But I like to know if there going to be a new target bow? I already got 2 exceeds and a Excell but I am weighting to see if there going to be a new one before I have my dealer to order a new Excell for me!!
Pm me with a answer yes or no! Thanks 

Plus I have ready all the threads and if the hater can weight , well they need to! 
I have and been a PSE MAN FOR YEARS & OUN 08 xforce - bowmadness , Oman and they was fast but speed don't mean crap when u need a tank to pull them back with or after you get them back they fill like a sponge! My Athens shoot at 30 inch ibo 300. -337 !! 337 is my afflixtion!! And there smooth so how fast do you need??? 
Ilike I say shoot the best beat the rest ATHENS! thanks BHK


----------



## rodney482 (Aug 31, 2004)

Bone Hed Killer said:


> Ok Rodney ! Congrads on new bow looks grate so far !
> But I like to know if there going to be a new target bow? I already got 2 exceeds and a Excell but I am weighting to see if there going to be a new one before I have my dealer to order a new Excell for me!!
> Pm me with a answer yes or no!

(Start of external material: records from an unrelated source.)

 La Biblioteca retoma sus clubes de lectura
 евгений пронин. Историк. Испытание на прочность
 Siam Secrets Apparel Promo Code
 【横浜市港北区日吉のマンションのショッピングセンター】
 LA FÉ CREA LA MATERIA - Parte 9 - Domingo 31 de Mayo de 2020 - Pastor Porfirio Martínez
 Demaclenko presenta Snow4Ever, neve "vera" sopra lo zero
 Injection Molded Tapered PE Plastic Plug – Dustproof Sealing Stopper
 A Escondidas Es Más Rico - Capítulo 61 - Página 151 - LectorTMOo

Thanks
> 
> ...



We have 3 new bows we are working on... The Recluse is first followed by a bow that is over 36" ATA....


----------



## rodney482 (Aug 31, 2004)

VAHUNTER01 said:


> how long will it take dealers to get the new line up in stock? i really want to shoot these bows before i place a order


As soon as we possibly can,, I jumped the gun in Nov when I started talking about the Recluse so I dont want to speculate..


----------



## rodney482 (Aug 31, 2004)

Perry24 said:


> The riser looks great! When they ship I'll have to make a trip to LAS to shoot one.
> 
> How many layers are your Barnsdale limbs?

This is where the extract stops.